*TASK DESCRIPTION*
The lines to copy are those with "Winter" in them. Pull each one from the entries below.

Source data
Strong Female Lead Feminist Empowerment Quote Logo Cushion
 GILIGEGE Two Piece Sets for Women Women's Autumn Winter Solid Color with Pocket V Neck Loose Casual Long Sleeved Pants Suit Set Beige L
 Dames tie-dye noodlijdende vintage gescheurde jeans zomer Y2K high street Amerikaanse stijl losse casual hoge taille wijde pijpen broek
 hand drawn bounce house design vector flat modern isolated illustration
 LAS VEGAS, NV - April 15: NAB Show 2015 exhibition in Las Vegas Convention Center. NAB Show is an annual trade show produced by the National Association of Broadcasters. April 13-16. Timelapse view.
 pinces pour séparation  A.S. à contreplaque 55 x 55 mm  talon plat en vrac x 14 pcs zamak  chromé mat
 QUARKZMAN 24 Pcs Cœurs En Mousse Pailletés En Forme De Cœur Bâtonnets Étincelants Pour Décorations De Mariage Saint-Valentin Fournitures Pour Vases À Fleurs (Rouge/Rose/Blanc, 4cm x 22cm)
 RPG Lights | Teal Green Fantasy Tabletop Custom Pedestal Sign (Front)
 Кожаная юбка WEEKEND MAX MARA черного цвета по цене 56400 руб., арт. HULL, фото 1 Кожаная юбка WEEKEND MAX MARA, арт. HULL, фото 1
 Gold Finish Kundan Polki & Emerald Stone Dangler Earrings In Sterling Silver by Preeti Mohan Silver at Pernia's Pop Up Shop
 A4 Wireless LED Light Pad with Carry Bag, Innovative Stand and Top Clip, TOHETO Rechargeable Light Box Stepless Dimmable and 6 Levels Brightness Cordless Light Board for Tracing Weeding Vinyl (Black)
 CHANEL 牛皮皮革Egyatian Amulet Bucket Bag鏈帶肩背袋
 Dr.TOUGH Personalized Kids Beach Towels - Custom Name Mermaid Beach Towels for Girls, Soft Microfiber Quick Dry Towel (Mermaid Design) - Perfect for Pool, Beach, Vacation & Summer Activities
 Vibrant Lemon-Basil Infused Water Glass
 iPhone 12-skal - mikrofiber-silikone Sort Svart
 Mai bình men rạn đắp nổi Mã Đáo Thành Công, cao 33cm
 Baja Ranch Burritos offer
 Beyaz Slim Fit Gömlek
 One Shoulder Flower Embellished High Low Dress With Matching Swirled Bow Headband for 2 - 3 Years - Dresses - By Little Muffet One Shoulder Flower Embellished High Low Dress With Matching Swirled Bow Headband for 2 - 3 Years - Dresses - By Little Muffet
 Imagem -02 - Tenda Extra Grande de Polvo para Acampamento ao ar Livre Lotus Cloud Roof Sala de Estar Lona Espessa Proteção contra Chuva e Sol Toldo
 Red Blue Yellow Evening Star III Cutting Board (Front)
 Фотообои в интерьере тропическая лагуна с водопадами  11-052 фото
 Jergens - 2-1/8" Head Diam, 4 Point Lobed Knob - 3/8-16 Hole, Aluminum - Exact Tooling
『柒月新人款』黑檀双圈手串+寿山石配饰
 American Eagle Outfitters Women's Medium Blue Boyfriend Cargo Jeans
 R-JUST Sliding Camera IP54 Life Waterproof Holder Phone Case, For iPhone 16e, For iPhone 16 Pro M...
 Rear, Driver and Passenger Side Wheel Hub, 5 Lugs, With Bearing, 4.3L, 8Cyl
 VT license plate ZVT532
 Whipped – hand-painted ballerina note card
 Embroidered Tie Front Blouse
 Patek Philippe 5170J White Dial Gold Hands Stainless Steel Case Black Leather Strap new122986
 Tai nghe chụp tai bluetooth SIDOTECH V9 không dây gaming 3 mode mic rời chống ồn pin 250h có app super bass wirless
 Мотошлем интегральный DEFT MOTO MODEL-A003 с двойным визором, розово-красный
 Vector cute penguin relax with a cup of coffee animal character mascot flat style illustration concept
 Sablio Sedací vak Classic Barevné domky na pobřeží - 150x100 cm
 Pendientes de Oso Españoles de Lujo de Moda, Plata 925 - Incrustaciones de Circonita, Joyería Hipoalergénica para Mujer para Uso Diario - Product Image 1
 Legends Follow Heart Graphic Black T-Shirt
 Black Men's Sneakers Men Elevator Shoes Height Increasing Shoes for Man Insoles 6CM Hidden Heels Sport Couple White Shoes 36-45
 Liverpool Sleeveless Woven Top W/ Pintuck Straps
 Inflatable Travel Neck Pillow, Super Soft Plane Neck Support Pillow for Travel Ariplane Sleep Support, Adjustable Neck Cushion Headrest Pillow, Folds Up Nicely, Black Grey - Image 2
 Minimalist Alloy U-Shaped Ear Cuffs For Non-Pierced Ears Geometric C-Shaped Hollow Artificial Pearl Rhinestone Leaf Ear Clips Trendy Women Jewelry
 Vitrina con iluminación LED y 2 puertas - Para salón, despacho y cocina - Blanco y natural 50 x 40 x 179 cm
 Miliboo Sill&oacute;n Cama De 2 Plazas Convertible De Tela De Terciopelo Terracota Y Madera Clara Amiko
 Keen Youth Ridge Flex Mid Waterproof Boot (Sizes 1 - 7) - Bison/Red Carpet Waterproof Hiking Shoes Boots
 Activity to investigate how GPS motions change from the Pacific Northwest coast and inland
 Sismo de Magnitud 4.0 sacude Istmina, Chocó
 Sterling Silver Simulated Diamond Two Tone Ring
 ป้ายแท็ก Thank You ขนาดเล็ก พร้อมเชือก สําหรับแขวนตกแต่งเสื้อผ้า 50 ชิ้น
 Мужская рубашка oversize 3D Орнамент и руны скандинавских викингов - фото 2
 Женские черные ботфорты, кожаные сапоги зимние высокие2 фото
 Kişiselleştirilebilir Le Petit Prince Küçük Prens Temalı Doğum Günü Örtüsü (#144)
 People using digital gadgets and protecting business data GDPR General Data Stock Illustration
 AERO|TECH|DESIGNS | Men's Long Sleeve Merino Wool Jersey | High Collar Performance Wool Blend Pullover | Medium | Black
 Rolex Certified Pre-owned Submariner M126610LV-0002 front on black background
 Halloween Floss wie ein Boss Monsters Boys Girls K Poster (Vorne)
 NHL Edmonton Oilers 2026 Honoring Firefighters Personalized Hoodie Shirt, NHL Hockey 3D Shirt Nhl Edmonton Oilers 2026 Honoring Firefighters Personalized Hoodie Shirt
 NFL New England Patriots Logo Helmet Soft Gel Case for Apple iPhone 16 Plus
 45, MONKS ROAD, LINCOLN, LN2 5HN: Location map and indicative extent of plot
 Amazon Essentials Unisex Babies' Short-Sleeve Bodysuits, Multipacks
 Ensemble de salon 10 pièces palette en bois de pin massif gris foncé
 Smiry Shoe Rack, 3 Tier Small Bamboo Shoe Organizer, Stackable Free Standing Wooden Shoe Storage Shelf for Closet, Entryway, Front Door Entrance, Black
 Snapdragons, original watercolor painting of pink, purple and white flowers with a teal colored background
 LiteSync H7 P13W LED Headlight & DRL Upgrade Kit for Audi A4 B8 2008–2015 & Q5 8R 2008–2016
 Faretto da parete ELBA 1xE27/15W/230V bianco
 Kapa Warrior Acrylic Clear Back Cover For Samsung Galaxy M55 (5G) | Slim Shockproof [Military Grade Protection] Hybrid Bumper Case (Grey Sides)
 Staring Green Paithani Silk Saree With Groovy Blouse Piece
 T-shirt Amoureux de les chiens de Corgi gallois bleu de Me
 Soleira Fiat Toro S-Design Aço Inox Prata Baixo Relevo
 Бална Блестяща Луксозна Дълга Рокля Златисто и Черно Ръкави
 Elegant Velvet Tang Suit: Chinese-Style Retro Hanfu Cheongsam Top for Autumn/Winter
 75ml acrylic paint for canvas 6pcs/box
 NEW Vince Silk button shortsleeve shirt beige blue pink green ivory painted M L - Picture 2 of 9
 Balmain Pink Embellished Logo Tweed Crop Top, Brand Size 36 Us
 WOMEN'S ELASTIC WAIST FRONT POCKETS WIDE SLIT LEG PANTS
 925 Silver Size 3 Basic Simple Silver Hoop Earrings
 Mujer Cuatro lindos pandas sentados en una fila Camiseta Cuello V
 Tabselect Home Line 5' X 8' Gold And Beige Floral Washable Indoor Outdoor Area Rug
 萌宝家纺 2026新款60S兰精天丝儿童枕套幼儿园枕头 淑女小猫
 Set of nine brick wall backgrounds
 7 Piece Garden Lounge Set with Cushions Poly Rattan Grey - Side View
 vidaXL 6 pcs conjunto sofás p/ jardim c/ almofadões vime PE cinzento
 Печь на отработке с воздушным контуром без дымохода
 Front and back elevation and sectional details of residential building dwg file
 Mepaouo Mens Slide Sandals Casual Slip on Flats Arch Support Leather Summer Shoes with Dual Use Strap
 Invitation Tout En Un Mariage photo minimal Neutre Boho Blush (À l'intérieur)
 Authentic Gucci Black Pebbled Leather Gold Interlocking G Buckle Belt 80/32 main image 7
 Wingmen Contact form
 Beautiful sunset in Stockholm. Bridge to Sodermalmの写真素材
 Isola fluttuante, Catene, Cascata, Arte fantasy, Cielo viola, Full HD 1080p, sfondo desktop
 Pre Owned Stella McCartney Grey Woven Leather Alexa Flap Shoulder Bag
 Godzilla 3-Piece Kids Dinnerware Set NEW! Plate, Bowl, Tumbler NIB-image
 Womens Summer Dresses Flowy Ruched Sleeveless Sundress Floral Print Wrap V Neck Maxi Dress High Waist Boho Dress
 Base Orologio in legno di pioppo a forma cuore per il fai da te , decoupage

*SOLVED PROBLEM*
 GILIGEGE Two Piece Sets for Women Women's Autumn Winter Solid Color with Pocket V Neck Loose Casual Long Sleeved Pants Suit Set Beige L
 Elegant Velvet Tang Suit: Chinese-Style Retro Hanfu Cheongsam Top for Autumn/Winter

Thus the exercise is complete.